Instructions to follow: Of all the lines in the entries below, give again exactly those starting at the line containing "阿里云ecs服务器，装了一个" and ending at the line containing "гидропоника Лиски", both ends included, and no others.

===== Task input =====

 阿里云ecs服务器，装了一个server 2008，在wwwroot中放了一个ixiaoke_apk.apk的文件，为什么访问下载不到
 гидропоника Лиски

=====
===== Task input =====

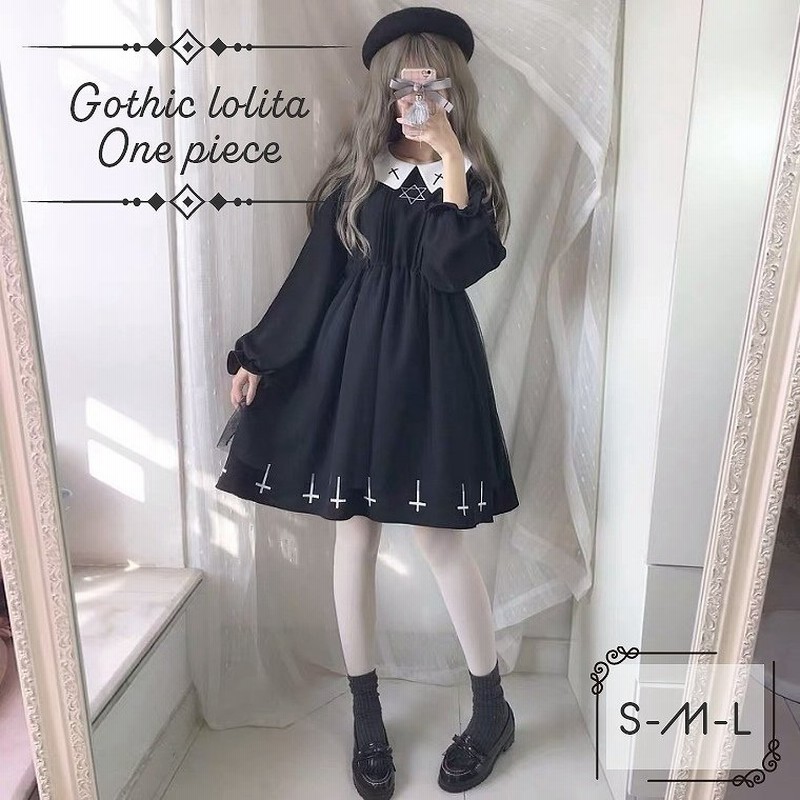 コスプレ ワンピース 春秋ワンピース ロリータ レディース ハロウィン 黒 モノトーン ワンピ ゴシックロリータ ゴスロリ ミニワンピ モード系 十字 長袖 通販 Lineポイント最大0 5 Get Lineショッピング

=====

Output for this task:
 阿里云ecs服务器，装了一个server 2008，在wwwroot中放了一个ixiaoke_apk.apk的文件，为什么访问下载不到
 гидропоника Лиски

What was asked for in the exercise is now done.